*** Opening Raw data ***

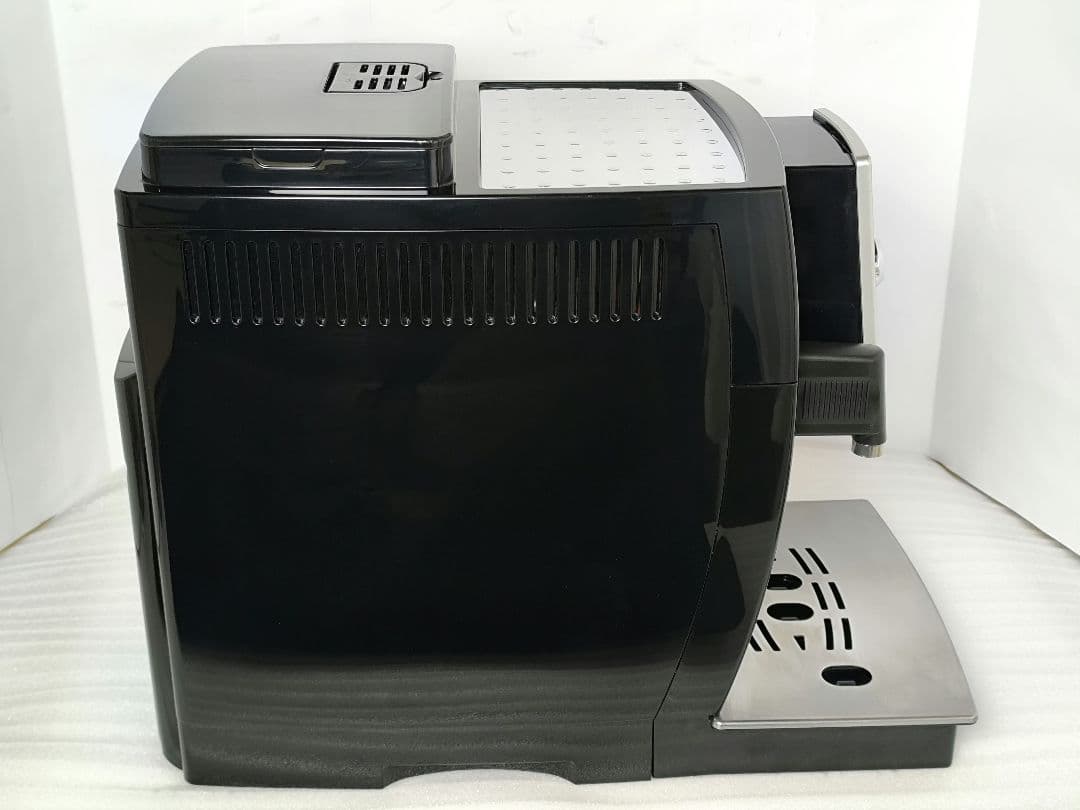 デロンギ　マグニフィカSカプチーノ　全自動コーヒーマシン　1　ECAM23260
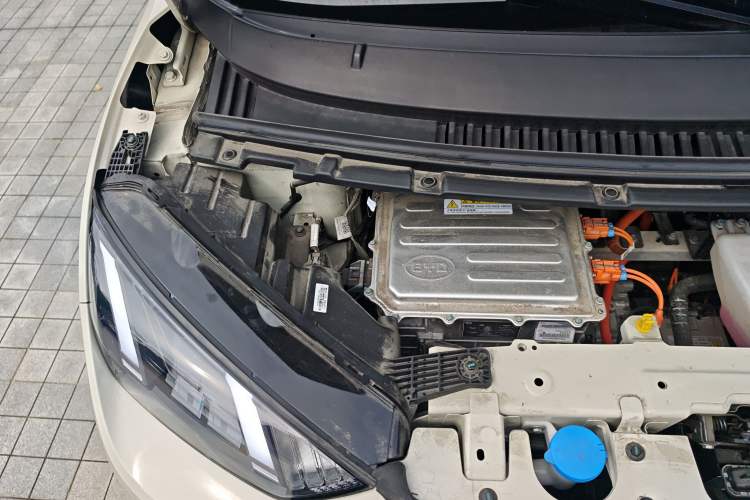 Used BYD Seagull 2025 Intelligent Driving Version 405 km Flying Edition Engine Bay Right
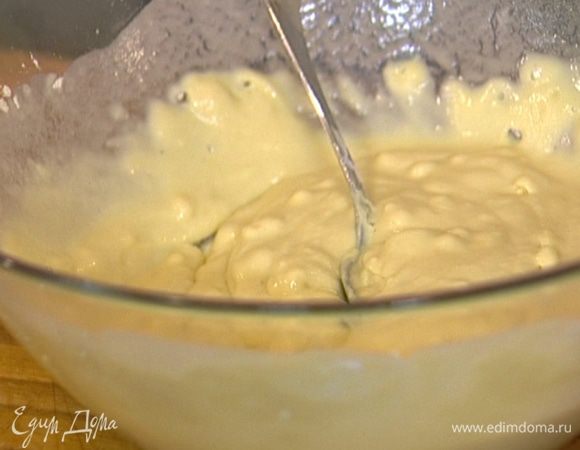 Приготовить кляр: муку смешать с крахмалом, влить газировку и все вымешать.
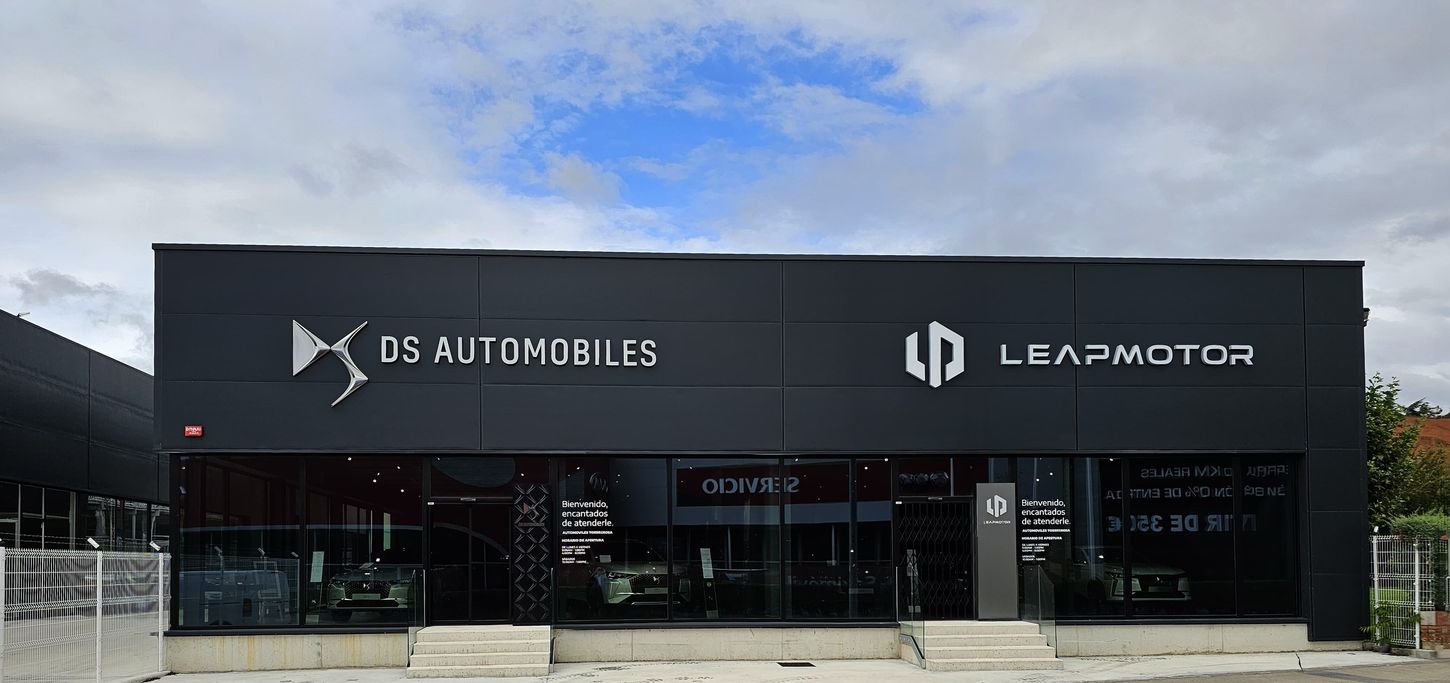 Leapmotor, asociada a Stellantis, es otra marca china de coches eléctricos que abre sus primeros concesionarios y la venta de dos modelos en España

*** Closing Raw data ***

# Directions for this task:
Find the line containing "Приготовить кляр: муку" in the listing above. Restate it and every line after it, word for word, through the final line, leaving out the pictures.

# Result for this task:
 Приготовить кляр: муку смешать с крахмалом, влить газировку и все вымешать.
 Leapmotor, asociada a Stellantis, es otra marca china de coches eléctricos que abre sus primeros concesionarios y la venta de dos modelos en España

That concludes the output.